Dopo una piccola bistecca e un tortino al cioccolato, credo che il mio stomaco potrebbe scoppiare.
Appena il conto arriva, vedo Brian scattare velocemente con il portafoglio.
Cerco di posare i soldi sul tavolo, ma lui mi blocca la mano provocandomi un brivido per tutta la schiena.
“Offro io, non fare storie altrimenti ti lancio in mare!”
Indica la vetrata mentre io trattengo una risata ma non un sorriso gioioso.
“Ti va di fare una passeggiata?” chiede mentre ci alziamo.
“Certo.”
 
 
 
 
 
 
 
 
 
 























 
 
 
 
 
 
 
 
 
 
 
 
 
“...e poi Pinkly ha iniziato a morderlo mentre lui cercava di accarezzarla! Era tutto un 'ma che cazzo? Che hai che non va?', dovevi vederlo! Zacky ha filmato tutto, un giorno ti farò vedere quel dannatissimo video!
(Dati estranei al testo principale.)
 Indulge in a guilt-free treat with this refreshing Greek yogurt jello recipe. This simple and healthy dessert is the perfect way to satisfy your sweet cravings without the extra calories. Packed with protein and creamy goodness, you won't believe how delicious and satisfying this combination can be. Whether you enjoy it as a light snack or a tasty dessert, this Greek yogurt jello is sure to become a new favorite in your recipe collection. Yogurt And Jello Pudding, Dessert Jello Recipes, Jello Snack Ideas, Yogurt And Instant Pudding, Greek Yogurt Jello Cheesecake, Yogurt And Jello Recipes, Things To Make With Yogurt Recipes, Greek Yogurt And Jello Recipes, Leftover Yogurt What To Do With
Anche se Jimmy si arrabbierà parecchio!”
Scoppio a ridere per l'ennesima volta, non credo di averlo fatto così tante volte in vita mia.
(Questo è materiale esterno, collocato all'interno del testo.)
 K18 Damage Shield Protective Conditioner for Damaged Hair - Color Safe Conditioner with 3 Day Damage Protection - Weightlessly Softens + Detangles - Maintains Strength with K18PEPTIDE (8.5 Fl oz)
“Siete fantastici, oh mio Dio!” dico tra una risata e l'altra, con quasi le lacrime agli occhi, mentre lui mi sorride dolcemente.
Sono due ore che passeggiamo, abbiamo lasciato le scarpe in auto e immerso i nostri piedi nella sabbia calda.
“Devi conoscerli, sono sicuro che a loro farebbe piacere.”
“Dici davvero?” mormoro speranzosa, non sono più abituata ad avere degli amici.
Lui mi annuisce convinto.
Quanto mi mancano i miei migliori amici di Seattle...li adoravo. Uscivamo sempre, andavamo in skateboard, ai concerti delle nostre band preferite.
Una volta siamo scappati per raggiungere un nostro amico che ci portò al concerto dei Metallica, a Portland.
A mia madre prese un colpo...siamo stati via per tre giorni e ritornati come se niente fosse successo.
Non ho mantenuto la mia promessa, tutto per colpa di Richard...mi ha obbligata a rimanere, con le sue minacce che tutt'ora usa.
Hey, qualcosa non va?
La voce di Brian mi riporta alla realtà, mentre i miei occhi iniziano a pizzicare.
“Sì...cioè, no. Va tutto bene.”
“Hai gli occhi lucidi, ho detto qualcosa di sbagliato?”
“No, è solo nostalgia...” cerco di sorridergli ma una lacrima traditrice scivola lungo il mio viso.
Samantha...
“Brian, puoi...puoi riportarmi a casa?”